Numerus und Kollektiv/Singulativ sind in erster Linie nominale Kategorien; d.h. sie treten morphologisch an nominalen Syntagmen auf. Genauer: während Kollektiv und Singulativ meistens derivative Kategorien von Substantiven sind, ist Numerus ist am ehesten eine semantosyntaktische Kategorie des Nominals, wie man an B1 sieht.

B40. a. Eine Reihe von Studenten haben das behauptet.

b. Eine Million Bundesbürger glauben an den Weihnachtsmann.

Die syntaktischen Nuklei der SubjektsNSen in B1, nämlich Reihe bzw. Million, stehen klärlich im Singular. Die NSen als ganze sind jedoch pluralisch, wie die verbale Kongruenz erweist. Da es keine syntaktische Regel gibt, die das Verb mit einem Genitivattribut (a) bzw. einer Apposition (b) des Subjekts kongruieren läßt, muß man annehmen, daß der Numerus einem Nominal als ganzem erst zugewiesen wird, wenn es fertig expandiert ist.

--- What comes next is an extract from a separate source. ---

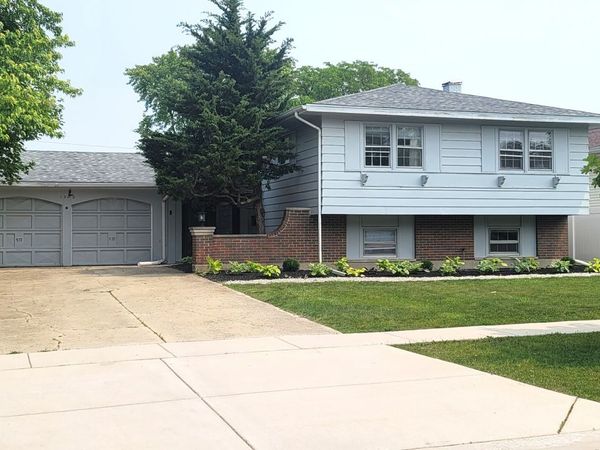1360 Devonshire Lane, Hoffman Estates, IL 60169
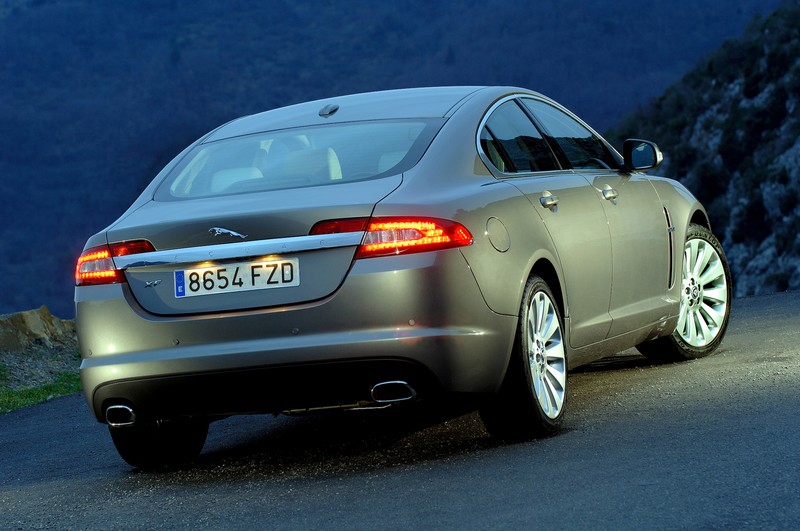 Jaguar Xf 06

Am Verb tritt der Numerus einerseits durch Kongruenz auf. Allerdings ist er bereits hier nicht gänzlich vom nominalen Numerus abhängig. Man hat z.B. Fälle wie B1, wo (im Unterschied zu B1) das SubjektsNS keine grammatischen Mehrzahleigenschaften aufweist und das Verb allein die Pluralität des Subjekts ausdrückt.

B41. The committee meet this afternoon.

Andererseits gibt es aber auch genuin verbale Pluralität, d.h. lexikalische oder morphologische Mittel, die am Verb eine Pluralität des ausgedrückten Vorgangs bezeichnen.

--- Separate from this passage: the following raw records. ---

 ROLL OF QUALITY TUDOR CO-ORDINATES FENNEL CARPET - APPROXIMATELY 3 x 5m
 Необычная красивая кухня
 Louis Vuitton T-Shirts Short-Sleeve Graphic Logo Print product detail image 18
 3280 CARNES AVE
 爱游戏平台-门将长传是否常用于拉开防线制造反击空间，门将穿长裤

B42. a. schwärmen, wimmeln, umzingeln

b. hoppeln, flattern, gackern

Mit dem grammatischen Plural des Verbs in B1 vergleichbar ist ein lexikalisches Merkmal der Verben in B1.a, welches ein pluralisches Subjekt erfordert (vgl. *Ich umzingele dich). Die Verben in B1.b bezeichnen sich gleichförmig wiederholende Handlungen, deren elementare Handlungseinheit man normalerweise nicht bloß einmal ausführt (vgl. ?Der Hase hoppelte mit einem Satz auf den Stuhl). Hier liegt also die Pluralität in der Wiederholung. Dieselben Verben werden uns im Kap.3.2.5.1 als Iterativa wiederbegegnen.

Zum Abschluß des Kap.3.2.3 ist darauf aufmerksam zu machen, daß die grammatischen Kategorien, die der Klassifikation dienen, vielfältige morphologische Beziehungen haben zu denen, die der Zählbarmachung dienen. Z.B. werden in den indogermanischen Sprachen Genus und Numerus in einem einzigen Nominalsuffix ausgedrückt; und in den Bantusprachen werden Nominalklasse und Numerus in einem einzigen Präfix ausgedrückt.